Data Start Marker

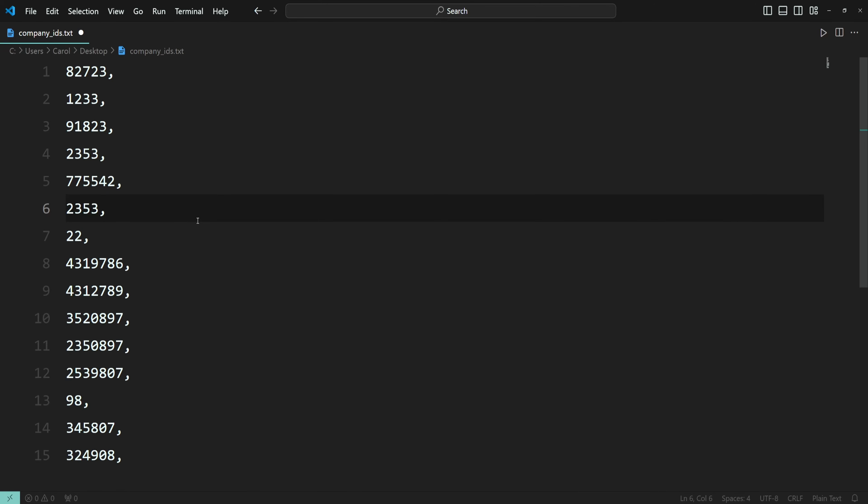All right, that was it. If you know any other ways to add the comma, please leave the steps in the comment section. And if you enjoyed this video, consider checking out my VS Code playlist for more tutorials. Wishing you a wonderful day, and I look forward to catching you in the next one.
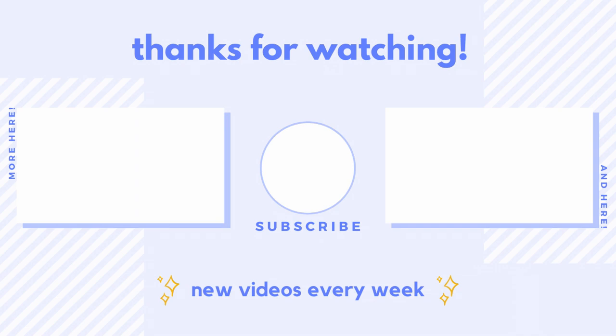And yeah, thanks so much for watching. Please leave a comment below with any requests for Android apps or thoughts on what I should make next. Please like and subscribe if you liked the video, and I'll see you next time.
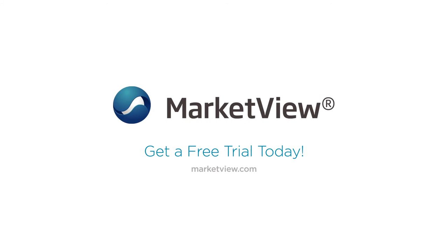Request a risk-free trial of MarketView Desktop today and let us show you why we're the premier charting and analytics platform for traders and risk managers worldwide.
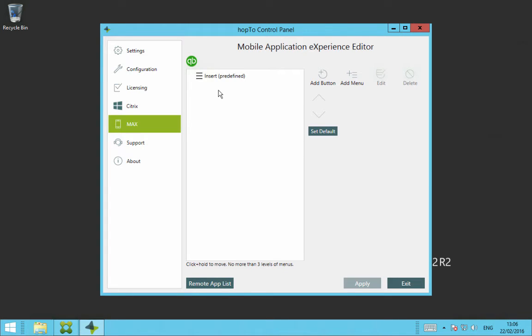So now using the Max Editor, we can now add menu items or buttons for the QuickBooks Pro 2015 application. So I'll just show you a few buttons and menu items we can add just to show you how you do this.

Data End Marker

* Work to complete
Return the complete material exactly as given, excluding images.

* Answer area
All right, that was it. If you know any other ways to add the comma, please leave the steps in the comment section. And if you enjoyed this video, consider checking out my VS Code playlist for more tutorials. Wishing you a wonderful day, and I look forward to catching you in the next one.
And yeah, thanks so much for watching. Please leave a comment below with any requests for Android apps or thoughts on what I should make next. Please like and subscribe if you liked the video, and I'll see you next time.
Request a risk-free trial of MarketView Desktop today and let us show you why we're the premier charting and analytics platform for traders and risk managers worldwide.
So now using the Max Editor, we can now add menu items or buttons for the QuickBooks Pro 2015 application. So I'll just show you a few buttons and menu items we can add just to show you how you do this.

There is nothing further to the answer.